START Source data

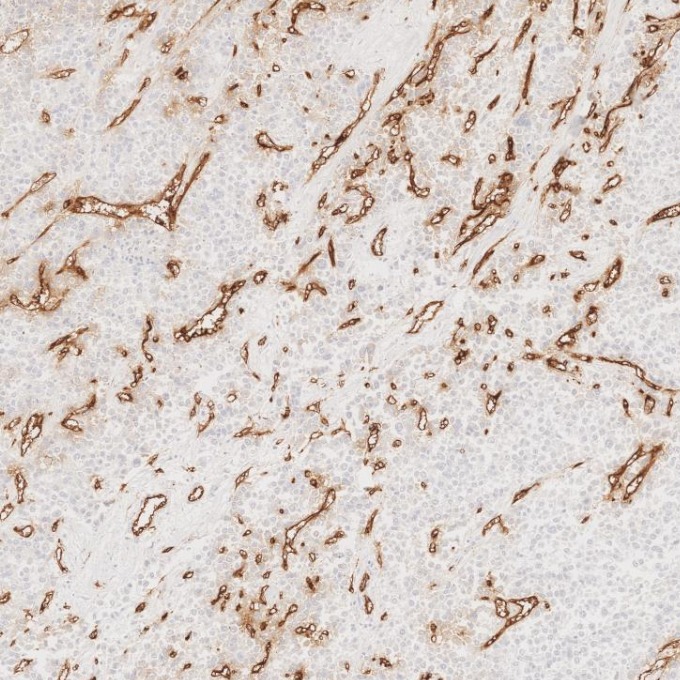 IHC staining of human liver cancer using 84242-5-RR
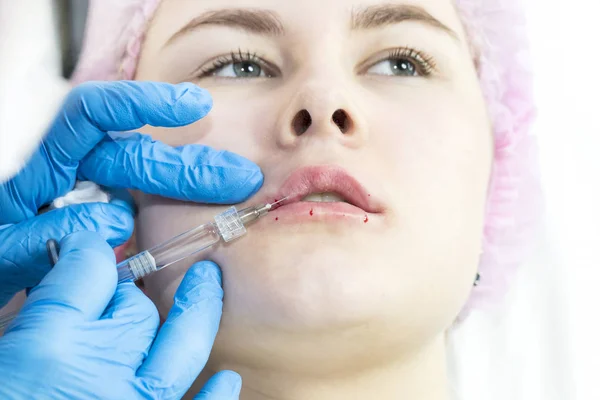 Girl undergoes the procedure of cosmetic surgery to increase the lips — Stock Photo, Image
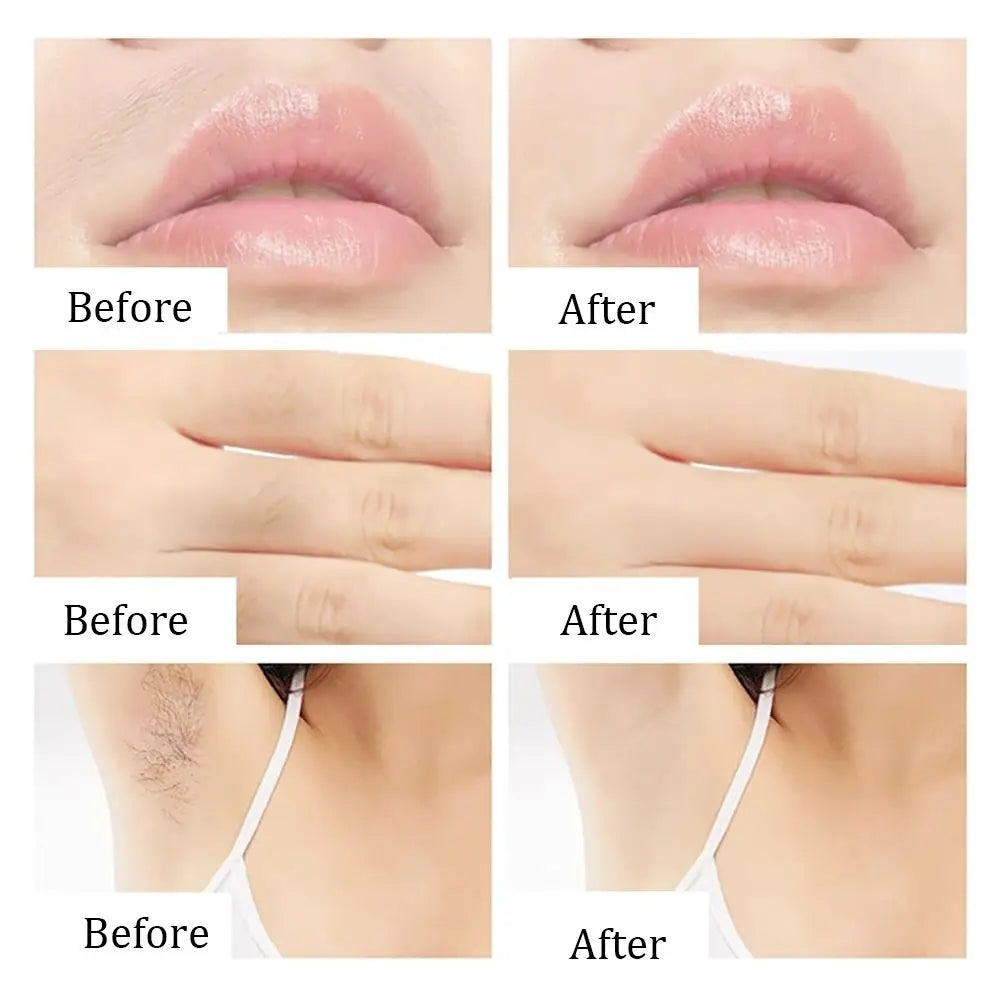 Professional Hair Removal Wax Strips for Summer Depilation Double Sided Cold Wax Paper for Leg Body Face Useful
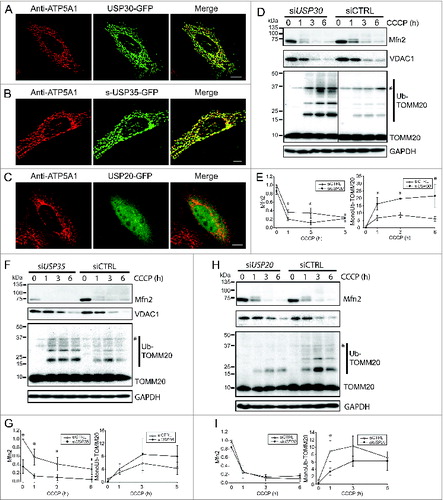 Figure 1. USP30 and USP35 are mitochondrial DUBs that may affect mitophagy. (A-C) HeLa cells expressing USP30-GFP (A), USP35-GFP (B), or USP20-GFP (C) were fixed and immunostained for GFP 24 h after transfection. anti-ATP5A1 antibody was used to identify mitochondria. (D-I) HeLa cells stably expressing GFP-PARK2 were transfected with siRNA against USP30 for 72 h. Cells were treated with 10 µM CCCP for 0, 1, 3, and 6 h as indicated and the cell lysates were examined for MFN2, VDAC1, and ubiquitinated-TOMM20 levels by immunoblotting. The average of normalized density of MFN2 and monoubiquitinated TOMM20 was plotted (n = 3, P < 0.05). (F-I) The same experiment was performed with cells that received siRNA against USP35 (F) or USP20 (H). The average of normalized density of MFN2 and monoubiquitinated TOMM20 was also analyzed (G-I). Scale bar: 10 µm.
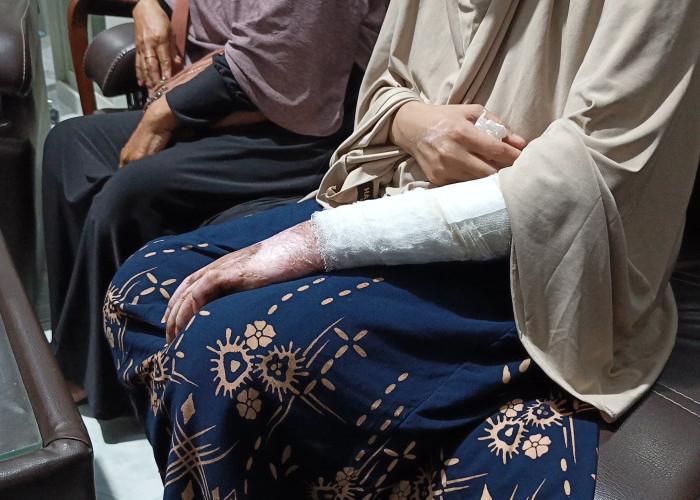 Didampingi Tim Hotman 911, Wanita Cirebon Ungkap Dugaan Kekerasan Brutal oleh Oknum Polisi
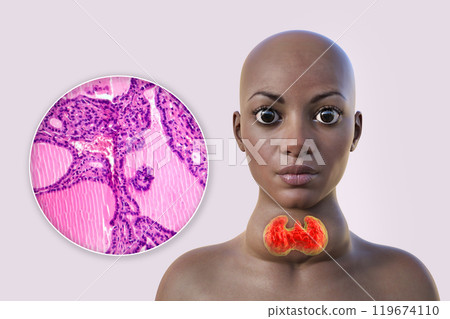 An African woman with enlarged thyroid with exophthalmos, 3D illustration An African woman with enlarged thyroid with exophthalmos, 3D illustration 119674110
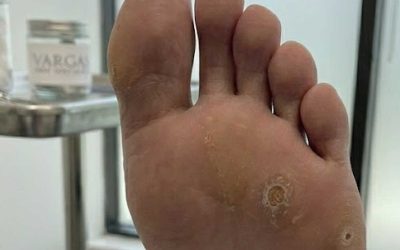 Plantar Warts Won’t Go Away? Here’s How Swift® Therapy Can Help
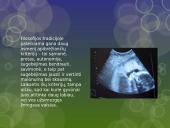 Abortas ir filosofija 3 puslapis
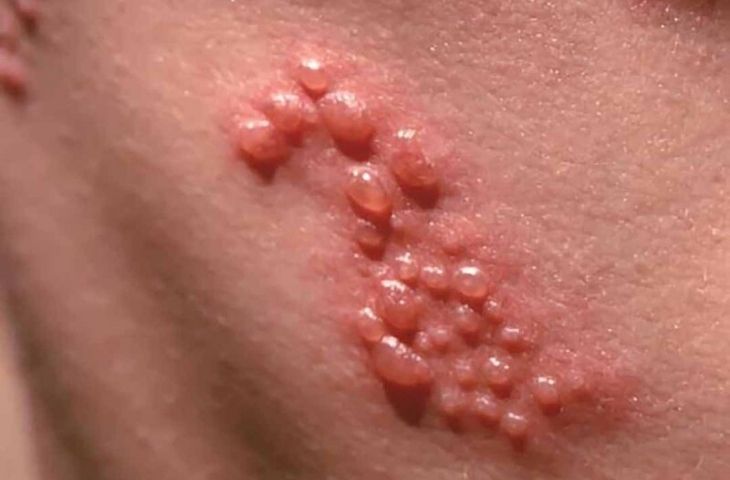 chăm sóc trẻ bị thủy đậu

END Source data

Only the lines from the one with "3D illustration 119674110" through the last line of the records above are wanted, copied exactly and with pictures omitted.

 An African woman with enlarged thyroid with exophthalmos, 3D illustration An African woman with enlarged thyroid with exophthalmos, 3D illustration 119674110
 Plantar Warts Won’t Go Away? Here’s How Swift® Therapy Can Help
 Abortas ir filosofija 3 puslapis
 chăm sóc trẻ bị thủy đậu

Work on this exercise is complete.